- _What needs to be done_
For this exercise, an exact copy is needed of only the lines from the one containing "PHANTEKS Glacier G3090Ti" through the end of the data, with pictures left out.

- _Provided material_
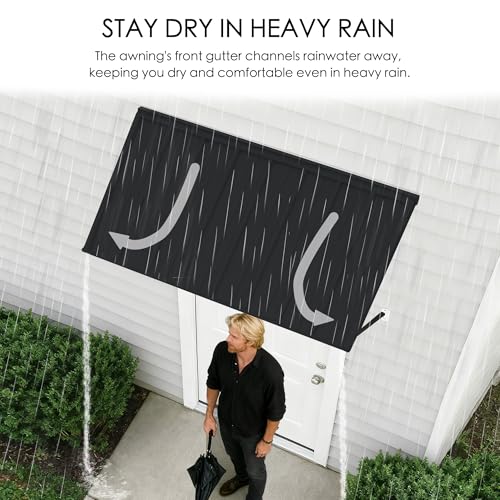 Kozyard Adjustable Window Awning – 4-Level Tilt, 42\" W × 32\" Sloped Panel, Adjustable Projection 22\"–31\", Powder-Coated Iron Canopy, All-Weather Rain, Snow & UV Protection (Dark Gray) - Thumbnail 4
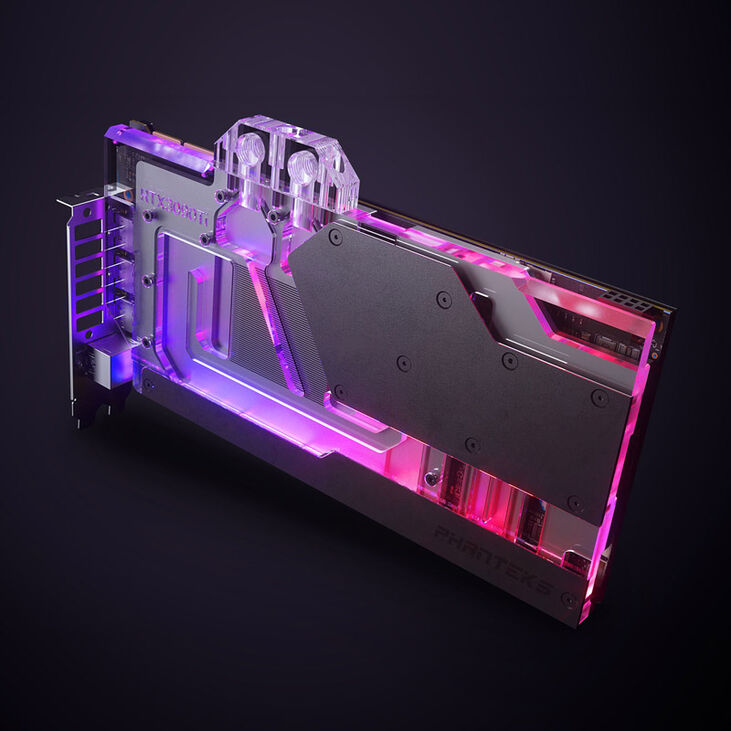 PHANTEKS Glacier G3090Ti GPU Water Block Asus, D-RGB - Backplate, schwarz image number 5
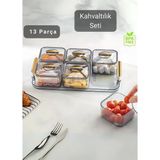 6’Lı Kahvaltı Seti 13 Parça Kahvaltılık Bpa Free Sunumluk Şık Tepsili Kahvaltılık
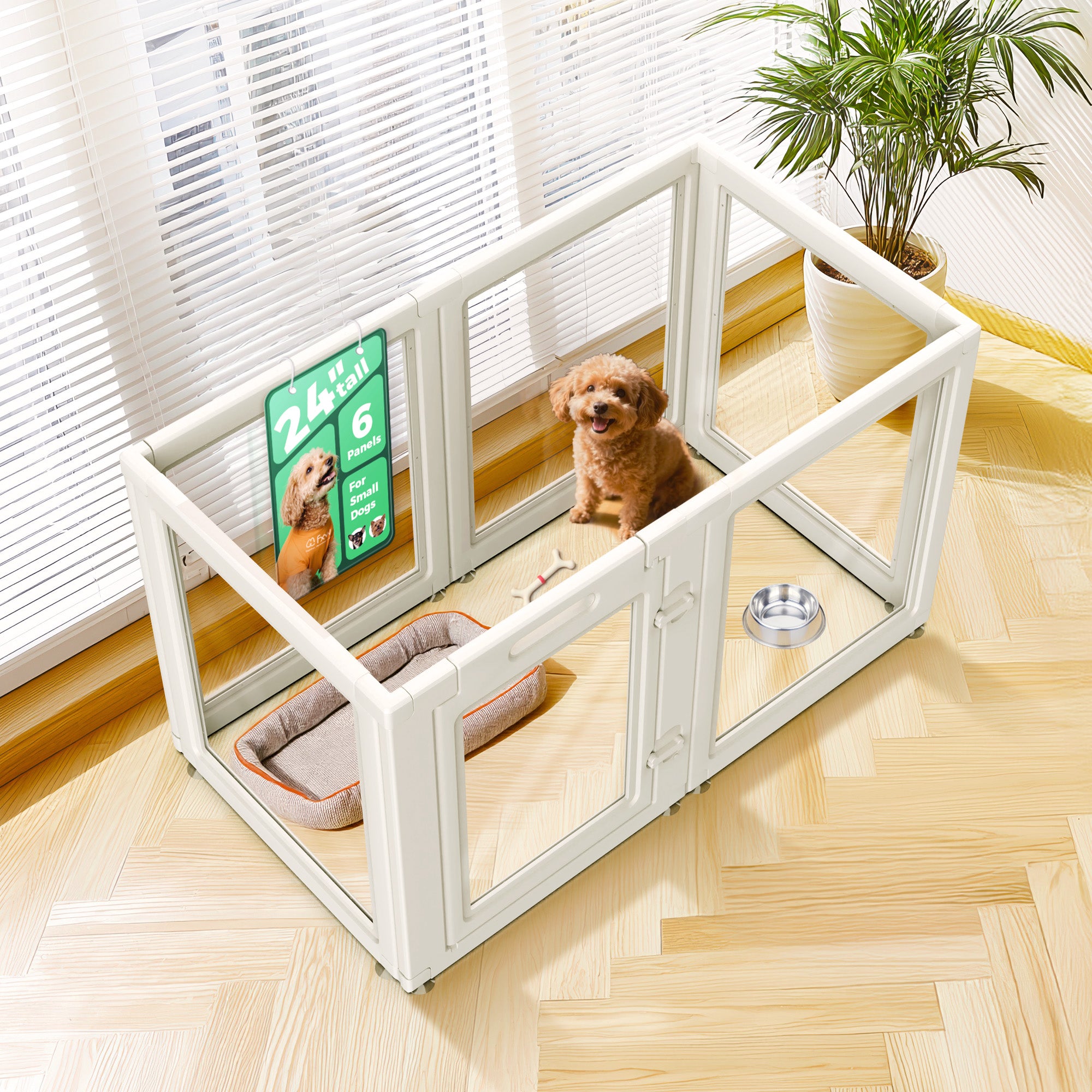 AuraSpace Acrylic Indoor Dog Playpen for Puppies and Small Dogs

- _Answer space_
 PHANTEKS Glacier G3090Ti GPU Water Block Asus, D-RGB - Backplate, schwarz image number 5
 6’Lı Kahvaltı Seti 13 Parça Kahvaltılık Bpa Free Sunumluk Şık Tepsili Kahvaltılık
 AuraSpace Acrylic Indoor Dog Playpen for Puppies and Small Dogs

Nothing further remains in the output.